As I have outlined above, subsection 12(b) provides that the FOI body may accept a late application where the particular circumstances warrant it (my emphasis). The applicant’s arguments are that no proper reasons were given for the acts identified and that reasons should be given in the interest of openness, transparency and fairness. Even if he is correct in his assertion that no proper reasons were given, and I make no finding on the matter, it is reasonable to assume, in my view, that this was his position from the time he became aware of the acts, in July 2021. As such, it was open to him to submit an application for a statement of reasons within 12 months of that date. He did not explain in his correspondence why he did not make an application within 12 months or whether there were particular circumstances that prevented him from doing so. Accordingly, I fail to see how the arguments he has presented can reasonably be regarded as particular circumstances warranting the acceptance of a late application.
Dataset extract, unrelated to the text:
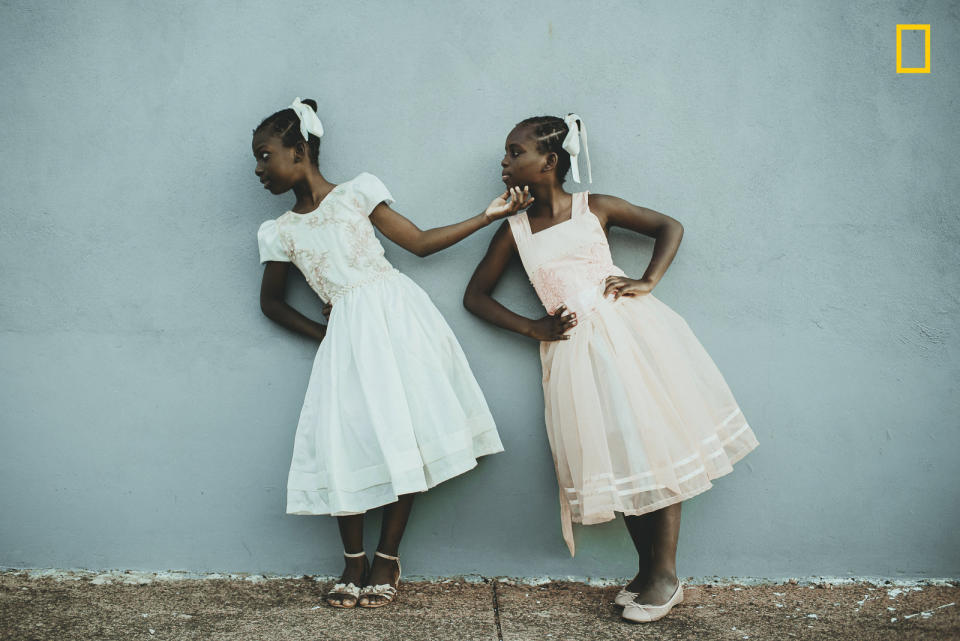 <strong>Second Place: "Le&iuml;da and La&euml;lle &mdash; I Will Lift You Up"<br /></strong><br />"Since 2016, I've been involved with Haitian immigrants and refugees living in my city, Estrela. I have become friends with some families, and especially with twin sisters, Le&iuml;da and La&euml;lle. They say living in Brazil is like living in paradise &mdash; very different from the reality of their country of origin. They dream of becoming models and teachers, as a way to earn money to bring their other relatives from Haiti to Brazil, to live all near one another. On this day, they were playing in front of their home, improvising exercises to develop their imagination and creativity, as if they were actresses, and playing an imitation game with poses. La&euml;lle reached for Le&iuml;da's face and lifted her head up, showing her where she should look. At this brief moment, I took the photo."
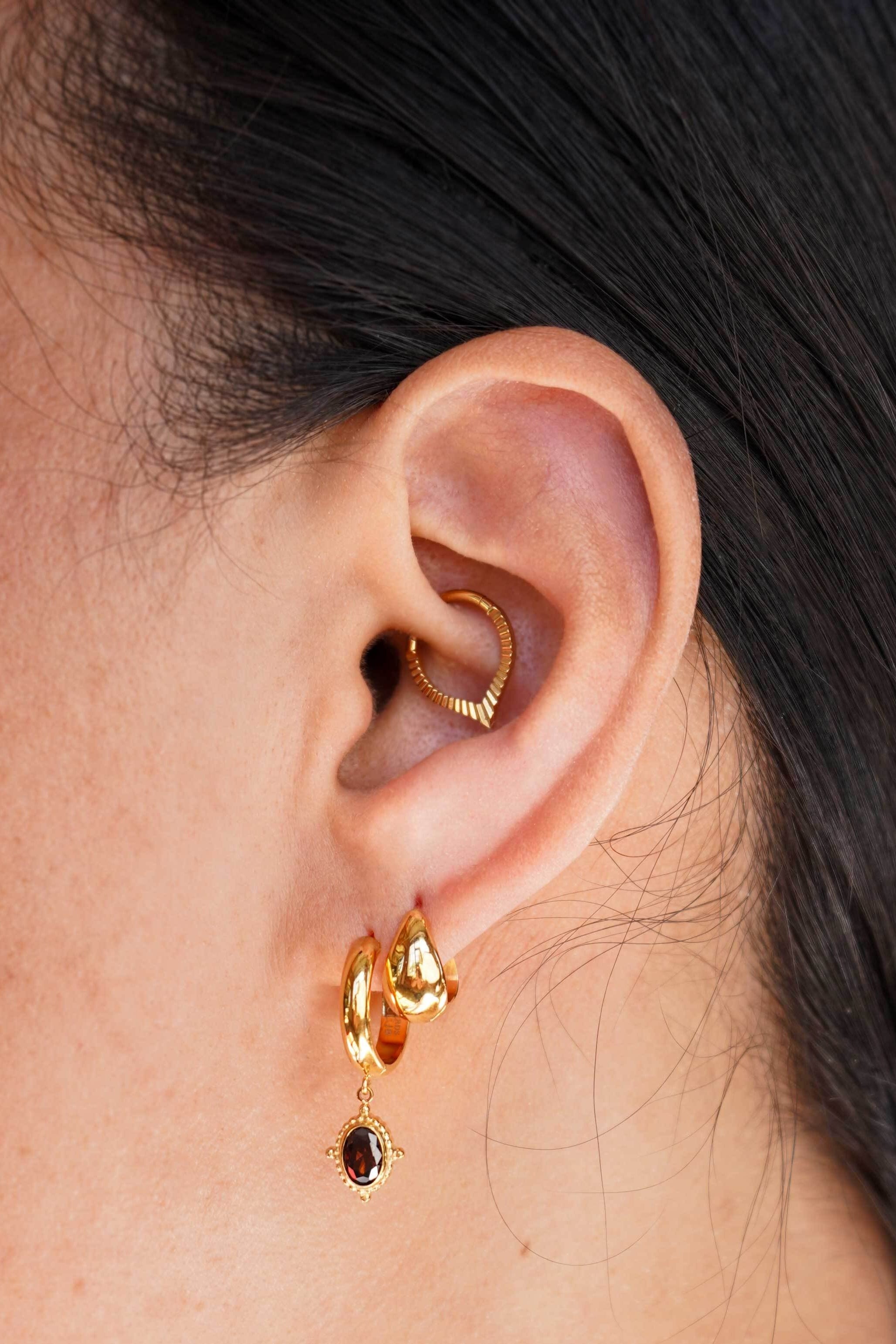 A close-up of a person's ear wearing a gold huggie hoop earring and a matching small drop earring with a dark round stone, plus a daith hoop, against a light neutral background.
I find that that the applicant has not shown that the particular circumstances warrant the acceptance of an application outside the 12-month time limit.
In conclusion, therefore, I find that the Commission was justified, pursuant to section 10(12), in refusing to provide the statements of reasons sought.
Having carried out a review under section 22(2) of the FOI Act, I hereby affirm the Commission’s decision to refuse, pursuant to section 10(12) of the FOI Act, to provide a statement of reasons for findings made by the Commission’s Inquiry Officer and decisions taken by the Commission in connection with its investigation.
Section 24 of the FOI Act sets out detailed provisions for an appeal to the High Court by a party to a review, or any other person affected by the decision. In summary, such an appeal, normally on a point of law, must be initiated not later than four weeks after notice of the decision was given to the person bringing the appeal.